В большой комнате курили, по-бабски ругались секретарша с Ивинской и ждала Некрасова. Она сразу кинулась ко мне.
– Вам передали мои стихи?
– Нет еще. Но это потому, что я болею.
Я пошла к Ивинской выслушать ее. Через секунду подошел Симонов.
– Лидия Корнеевна, я уже давно прошу т. Ивинскую дать вам стихи Некрасовой. Она талантливый поэт, и я хочу, чтобы вы, Лидия Корнеевна, выбрали целый цикл.
– С удовольствием, – сказала я.
Ивинская пришла в ярость.
– Я и так дала бы вам стихи ее! Я сама знаю! Зачем она жалуется Симонову!
Я попыталась угомонить ее, а потом кинулась к Некрасовой, которая плакала.
Она всех изводит, но ей хуже всех, конечно. Она – поэт.
Я пришла домой возбужденная и вызвала машину. Но позвонил Симонов, что его отъезд в санаторий откладывается до 19-го и поэтому мы лучше встретимся в понедельник утром.
Мне весело. Пусть всё это кончится худо, но весело начинать новую работу, узнавать новых людей.
15/ХII 46. Днем – Ян Сашин со средненькими болгарскими переводами. Один я убила, другой велела поправить. Разговор был мирный.
Как-то будет при подборке молодых?
Редакция: Симонов просил, чтобы я присутствовала, когда Кривицкий будет слушать Заболоцкого.
16/ХII 46. Нет сил писать. А надо, хоть конспективно.
Сколько раз я еще воскликну: зачем я пошла в эту яму? От Герцена, от сумерек библиотечных окон? К этим чужим, клыкастым?
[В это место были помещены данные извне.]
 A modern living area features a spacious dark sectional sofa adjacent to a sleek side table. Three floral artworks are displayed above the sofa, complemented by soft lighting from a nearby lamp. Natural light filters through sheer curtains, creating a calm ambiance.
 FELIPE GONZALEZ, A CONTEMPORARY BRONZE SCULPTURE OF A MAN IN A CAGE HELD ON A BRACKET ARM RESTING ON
Утром на машине – к Симонову, домой.
Маленький кабинет с дамскими нарядными вещами. Вазы, красное дерево – комиссионный магазин.
Одно хорошо: соломенный Дон Кихот, привезенный из Америки. Прелестный.
Страшная крашеная мадам с тупой, злой улыбкой, в небесно-голубом халате. Еле здоровается, входит во время работы, ищет какие-то ключи.
Ей противно, что с утра чужие люди.
Симонов приветлив, мягок, любезен. Это, видно, в нем органическое: мягкость.
За окошком какие-то амбары, склады – только зима спасает от скуки, притушив.
Первые сорок минут он слушал живо, хорошо. Мы много прочли и сделали. О, конечно – это не чтение стихов, а только накладывание резолюций, но иногда они накладываются верно.
Потом случилось то, чего я боялась: он прочел свои стихи. О любви. О Японии.
Я ужасно смутилась. Я сказала:
– Тут еще много работы.
В сущности, это и было самое точное. Действительно, в каждом из них есть нечто живое, что могло бы быть доведено до хорошего. Но сказала я это как-то неуверенно, не так.